Friday, September 4, 2009

And Baby Makes Me

Congratulate me.

In less than five months and for the first time I will be a father.

What does it mean? I don’t know, really. My sense is one of impending delight and doom. Before it was more doom, now it is mostly delight.

I did not plan to be a father; in fact for the first half-century of my life I successfully avoided it. My papa had me when he was forty-seven, and there were many times growing up when I felt he was too old, much too old. Papa was a lovely man, and even a great papa, but Papa was old. He wouldn't throw a baseball. He wouldn't throw a football. He wouldn't throw any kind of ball. He wouldn't jump in the water like all the other fathers. "Jump, Papa, jump!" I'd scream at him, to no avail. "I can't; I'm too old," he'd say as he entered slowly, wincingly, massaging palmfuls of water over his pale, sagging chest. Too old: those two words rang in my young boy's head like the tolling of a doomed, cracked bell. I would never inflict my old age on a child. Never.

I am fifty-two, five years older than my papa when he had me.

I have passed through all the initial stages: shock, horror, denial, anger, grief, resignation. I am somewhere now (I believe) between acceptance and joy, much closer to happiness than to its opposite, but having yet to arrive there—not quite. I am told that, until the moment comes, it’s impossible to second-guess or even to imagine how I'll feel. That's the thing that frightens and worries me most: what if I don’t feel what I should? What if I’m not overwhelmed with paternal joy? What if I don't fall in love with being a father?

Yesterday Jung, the mother of our child-to-be, sent me by email two sonogram images from her most recent visit to the Shawnee Women’s Health Center in Carbondale, Illinois, where she has gone to obtain her master’s degree in poetry. Two small, grainy, blurry, black and white images, one showing a pair of tiny arms with even tinier hands, the other a very round head with distinct features—a nose, mouth, eyes, ear, the works (we both concur that these features are patently Italian, and that pasta dishes will be the order for the day for years to come).

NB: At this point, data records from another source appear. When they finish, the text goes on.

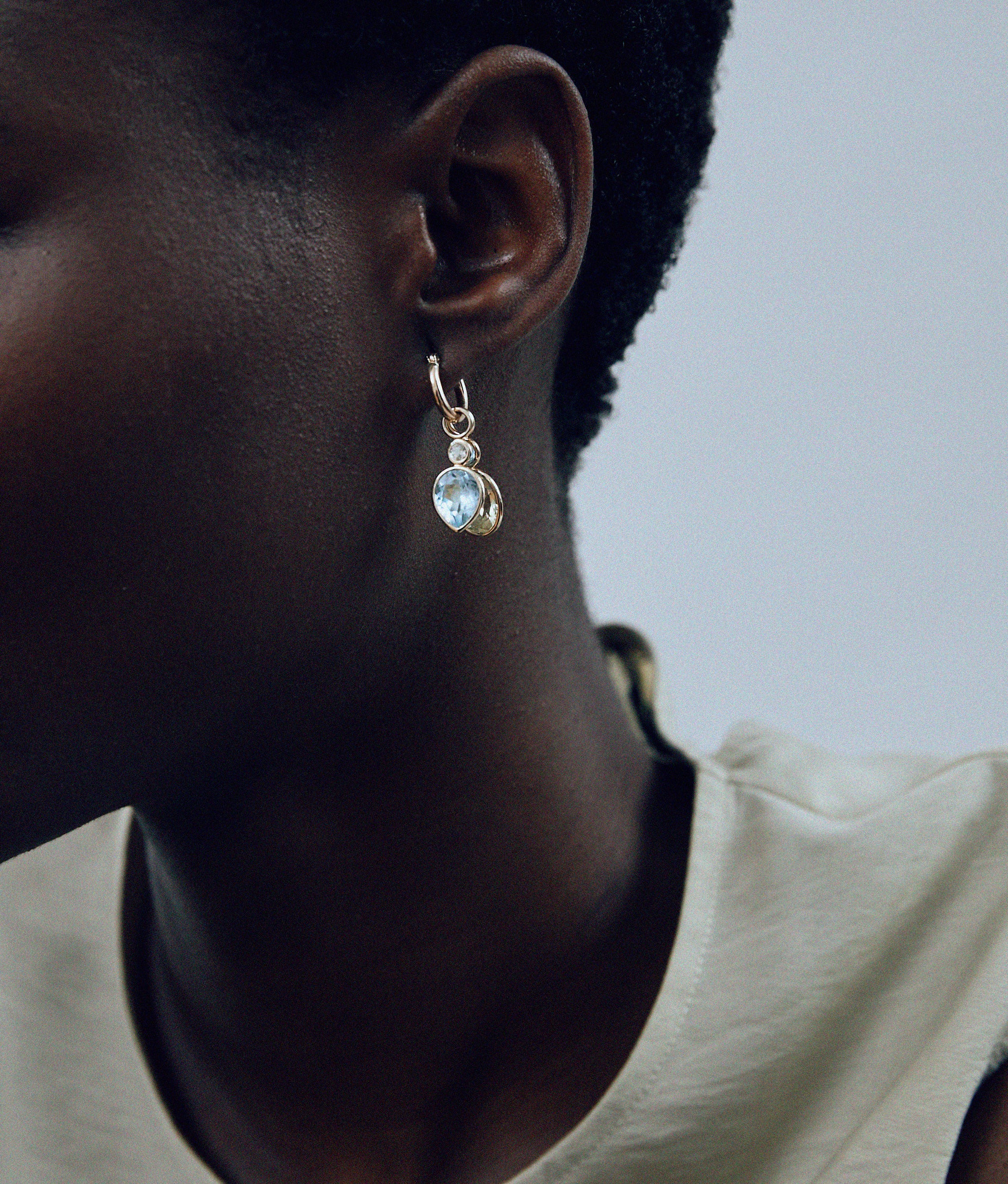 Model in close-up wears gold hoop with oval and teardrop semiprecious charms.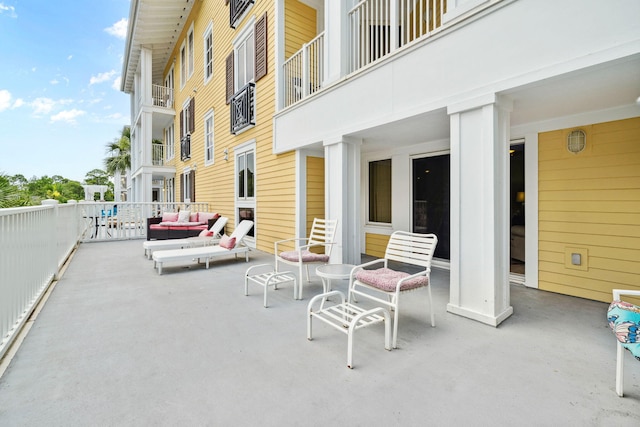 9100 Baytowne Wharf Blvd Unit 261, Miramar Beach, FL 32550 - view of patio with outdoor lounge area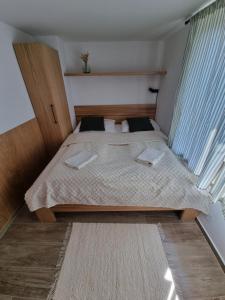 Posteľ alebo postele v izbe v ubytovaní Holiday house Laura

My daughter, I say to myself, looking at it. This is my daughter. Audrey (the name we’ve chosen). This is my daughter Audrey. My daughter, my daughter, my daughter. No matter how many times I say them to myself, the words don’t seem any more real to me than the picture. It must be a mistake; it must be someone else’s fetus I’m looking at. For me to be a father is impossible.

That last thought, of course, is a carryover from the last few decades. For all those years it really was impossible for me to be a father, otherwise I would probably have become one. It was impossible because I was too immature, too selfish, too frightened, and too hungry and even desperate to establish my own presence in the world—through words, through song, through novels and stories, by any means available to me (and some not so available), to even consider being responsible for a presence other than my own. Instead I gave birth to works on paper, I scattered my seed in the forms of words and sentences, I spread it over surfaces in acrylics and oils and watercolors. I did my best in my own way to procreate. And I was prolific.

Where are the fruits of all those scattered seeds? Filing file cabinet drawers and flat files, mostly. No, that isn’t fair; my works have been read and appreciated. But still, something was missing, or I was missing something.

I remember, back when I had just graduated from Bethel High School, a classmate of mine also named Peter, Peter Smith, a very bright, very athletic guy, and the first of any of my friends to marry and have a child, which he did that year ... I remember him saying to me, apropos my art and his fresh fatherhood, “Pete,” he said, “I know you’ve written lots of stories and made lots of great pictures, but I gotta tell you, man, until you’ve held your own child in your hands and felt its heart beat and heard it breathing, you’ll never know the meaning of creation.”

For that remark I would resent Peter Smith for many years to come, thinking: who was he to say what I would or would never know? But even then I had the sneaky suspicion that he was right.

Come January I’ll know for sure.

At least it's a girl. I won't have to throw too many balls.

1 comment:

Cheryl Gower said...

Congratulations!Now you know the meaning of the phrase "I've still got it". Thank goodness it's a girl. Unless she's a tomboy--and you may have to throw a ball or two when she's about 10 and you are 72--little girls prefer snuggling in their father's chest hair. As an Italian, you're probably covered (literally) in that area. So live, love and enjoy. I love the name Audrey. Audrey Hepburn captured my heart as such a classy lady.